- Coat of arms
- Interactive map of Gmina Piotrków Kujawski
- Coordinates (Piotrków Kujawski): 52°32′49″N 18°30′3″E﻿ / ﻿52.54694°N 18.50083°E
- Country: Poland
- Voivodeship: Kuyavian-Pomeranian
- County: Radziejów
- Seat: Piotrków Kujawski

Area
- • Total: 138.62 km^{2} (53.52 sq mi)

Population (2006)
- • Total: 9,646
- • Density: 69.59/km^{2} (180.2/sq mi)
- • Urban: 4,509
- • Rural: 5,137
- Website: http://www.piotrkowkujawski.pl/

= Gmina Piotrków Kujawski =

Gmina Piotrków Kujawski is an urban-rural gmina (administrative district) in Radziejów County, Kuyavian-Pomeranian Voivodeship, in north-central Poland. Its seat is the town of Piotrków Kujawski, which lies approximately 10 km south of Radziejów and 55 km south of Toruń.

The gmina covers an area of 138.62 km2, and as of 2006 its total population is 9,646 (out of which the population of Piotrków Kujawski amounts to 4,509, and the population of the rural part of the gmina is 5,137).

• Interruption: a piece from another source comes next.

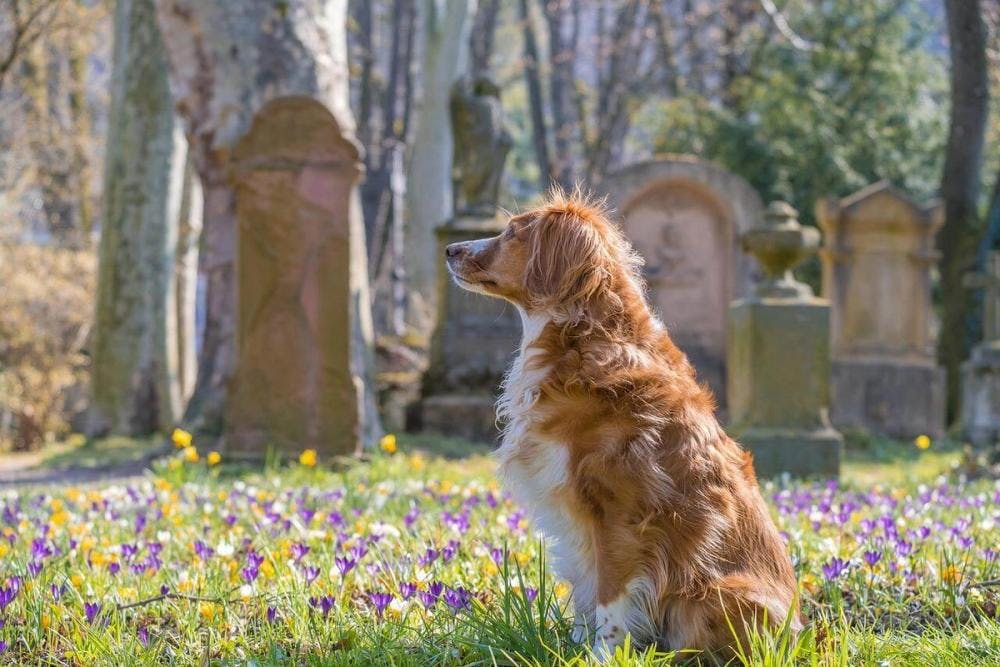 Cover Image for What To Consider Before Burying Your Pet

The gmina contains part of the protected area called Gopło Landscape Park.

==Villages==
Apart from the town of Piotrków Kujawski, Gmina Piotrków Kujawski contains the villages and settlements of Anusin, Bycz, Byszewo, Czarnotka, Dębołęka, Gradowo, Higieniewo, Jerzyce, Kaczewo, Kaspral, Katarzyna, Kozy, Łabędzin, Lubsin, Malina, Nowa Wieś, Palczewo, Połajewek, Połajewo, Przedłuż, Przewóz, Rogalin, Rudzk Duży, Rudzk Mały, Rzeczyca, Stawiska, Świątniki, Szewce, Teodorowo, Trojaczek, Wincentowo, Wójcin, Zakręta and Zborowiec.

==Neighbouring gminas==
Gmina Piotrków Kujawski is bordered by the gminas of Bytoń, Kruszwica, Radziejów, Skulsk, Topólka and Wierzbinek.